- TASK TO COMPLETE:
Print every entry exactly as written and exclude all images.

>>>

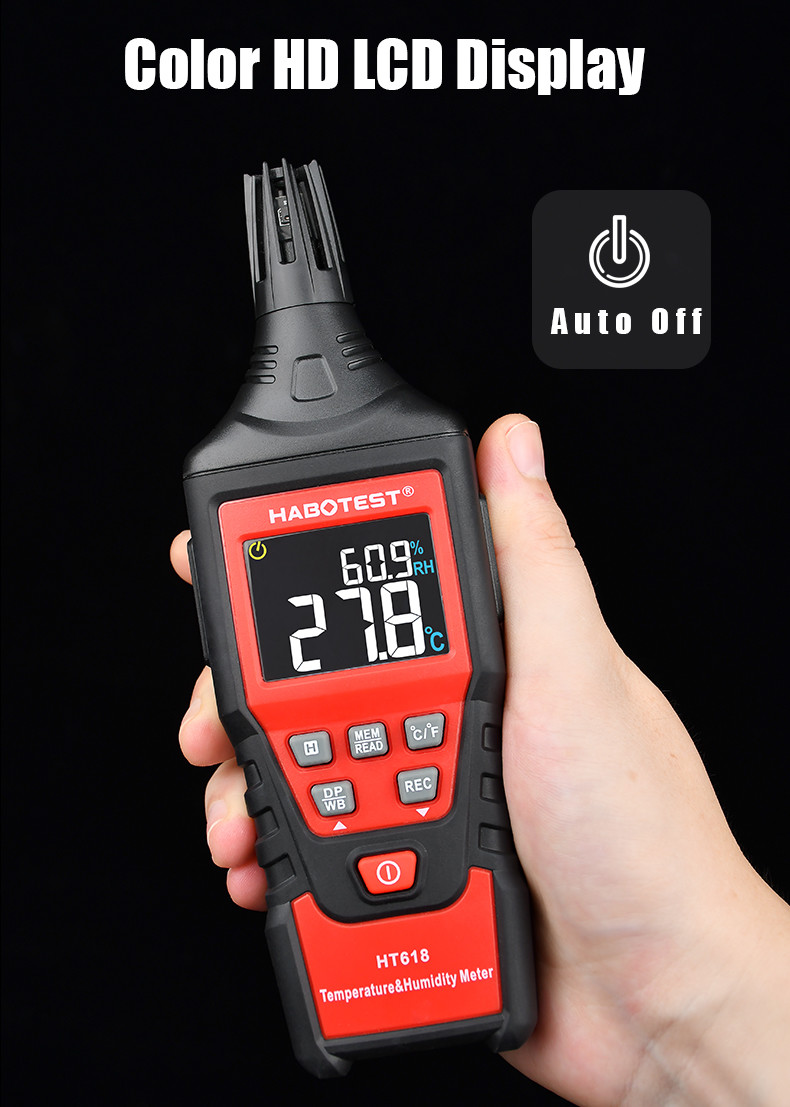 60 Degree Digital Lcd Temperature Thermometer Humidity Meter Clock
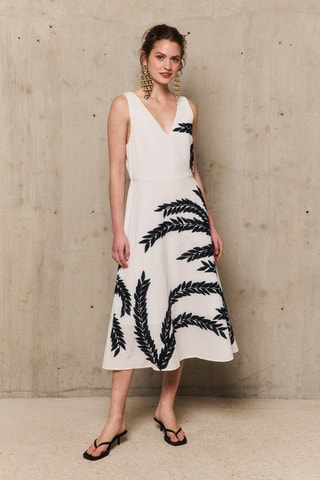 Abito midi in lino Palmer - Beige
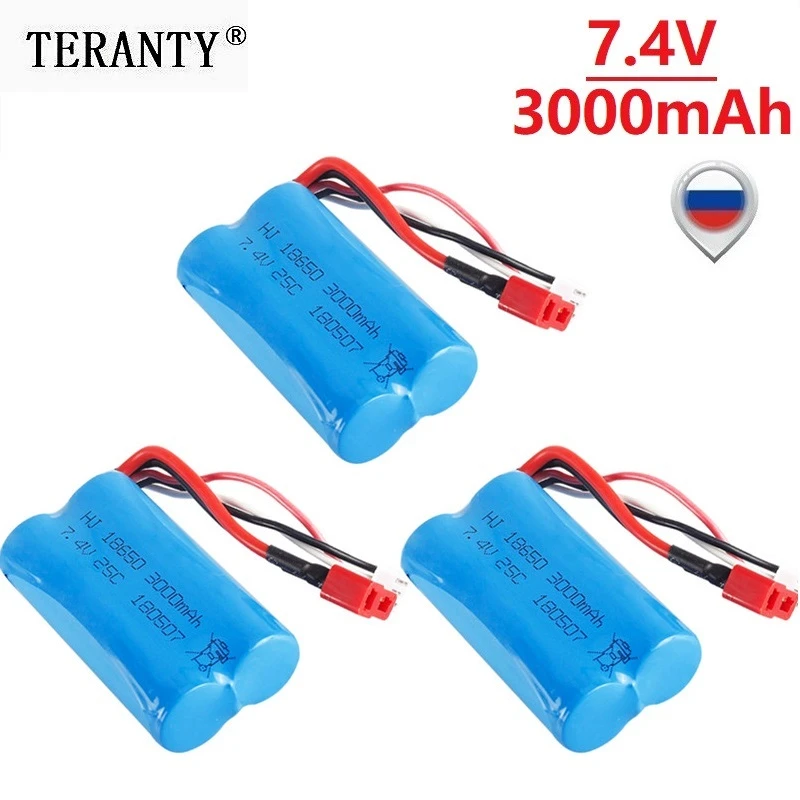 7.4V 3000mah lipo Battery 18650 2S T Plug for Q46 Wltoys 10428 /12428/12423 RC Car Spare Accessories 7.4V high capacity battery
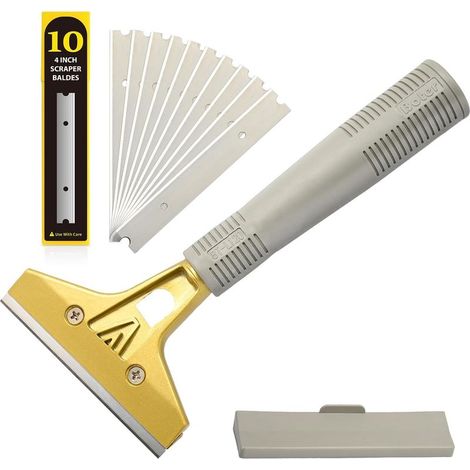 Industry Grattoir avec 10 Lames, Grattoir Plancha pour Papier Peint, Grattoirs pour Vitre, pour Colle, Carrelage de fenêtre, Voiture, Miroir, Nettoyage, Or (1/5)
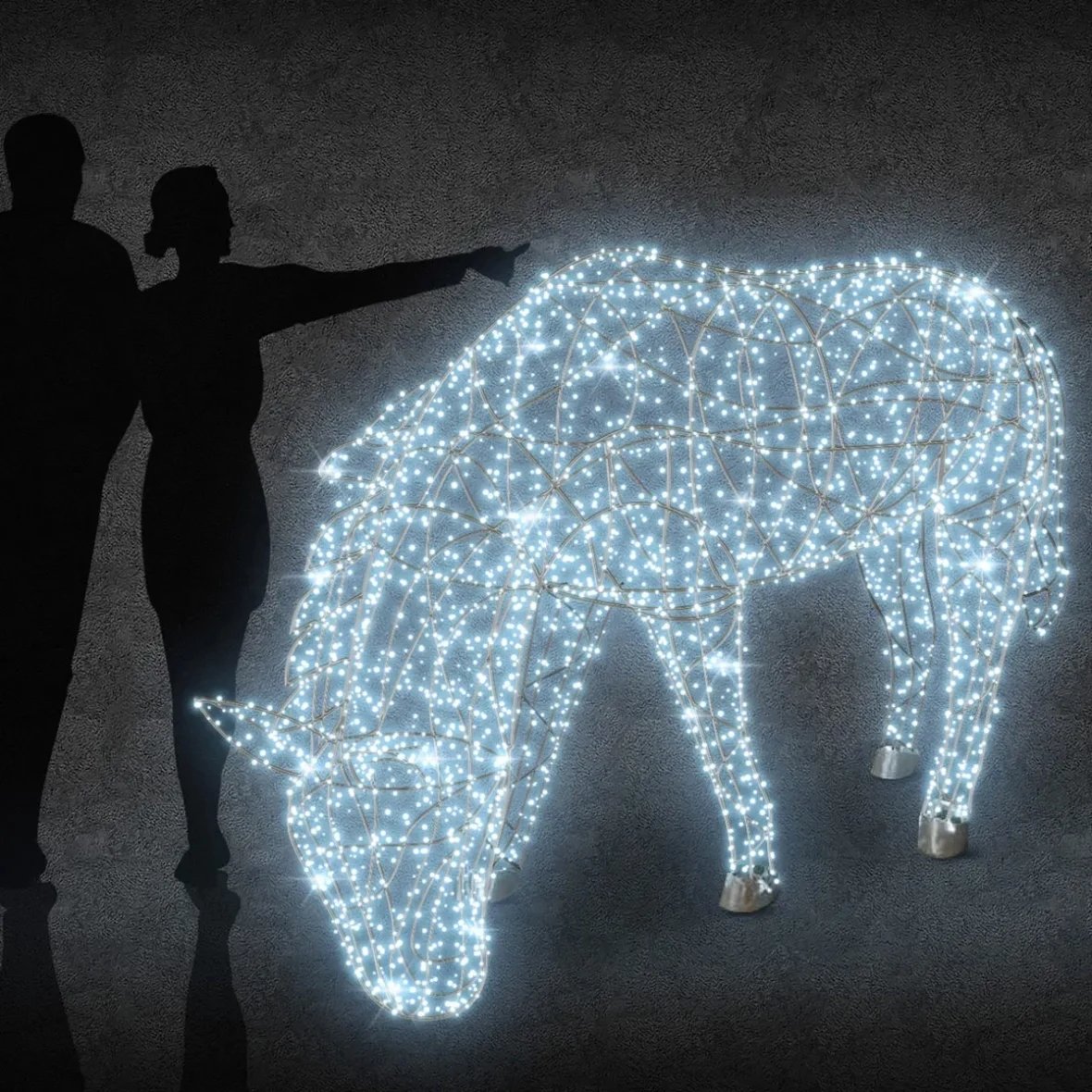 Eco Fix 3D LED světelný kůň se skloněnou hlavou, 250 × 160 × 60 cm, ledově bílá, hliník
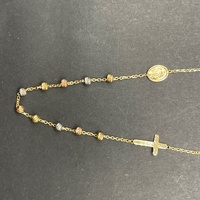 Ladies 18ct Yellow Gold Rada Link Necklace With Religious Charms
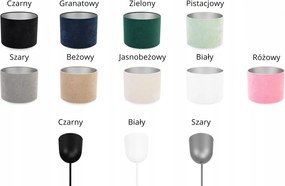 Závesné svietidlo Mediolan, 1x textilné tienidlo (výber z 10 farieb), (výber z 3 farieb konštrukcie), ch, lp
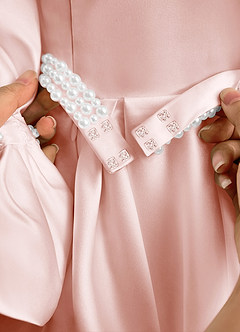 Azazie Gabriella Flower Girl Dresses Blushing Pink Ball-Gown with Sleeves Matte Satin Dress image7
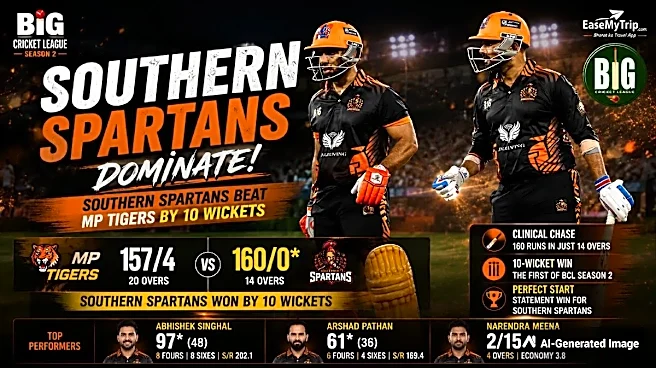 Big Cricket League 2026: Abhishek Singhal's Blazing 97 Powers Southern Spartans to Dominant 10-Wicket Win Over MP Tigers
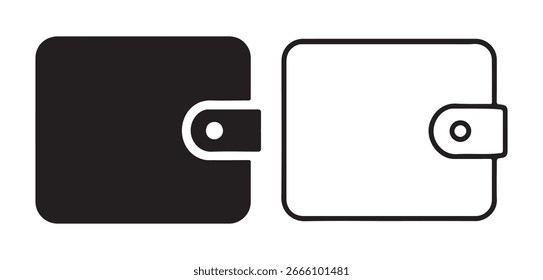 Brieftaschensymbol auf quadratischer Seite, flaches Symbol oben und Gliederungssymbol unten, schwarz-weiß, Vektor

<<<

- YOUR RESPONSE:
 60 Degree Digital Lcd Temperature Thermometer Humidity Meter Clock
 Abito midi in lino Palmer - Beige
 7.4V 3000mah lipo Battery 18650 2S T Plug for Q46 Wltoys 10428 /12428/12423 RC Car Spare Accessories 7.4V high capacity battery
 Industry Grattoir avec 10 Lames, Grattoir Plancha pour Papier Peint, Grattoirs pour Vitre, pour Colle, Carrelage de fenêtre, Voiture, Miroir, Nettoyage, Or (1/5)
 Eco Fix 3D LED světelný kůň se skloněnou hlavou, 250 × 160 × 60 cm, ledově bílá, hliník
 Ladies 18ct Yellow Gold Rada Link Necklace With Religious Charms
 Závesné svietidlo Mediolan, 1x textilné tienidlo (výber z 10 farieb), (výber z 3 farieb konštrukcie), ch, lp
 Azazie Gabriella Flower Girl Dresses Blushing Pink Ball-Gown with Sleeves Matte Satin Dress image7
 Big Cricket League 2026: Abhishek Singhal's Blazing 97 Powers Southern Spartans to Dominant 10-Wicket Win Over MP Tigers
 Brieftaschensymbol auf quadratischer Seite, flaches Symbol oben und Gliederungssymbol unten, schwarz-weiß, Vektor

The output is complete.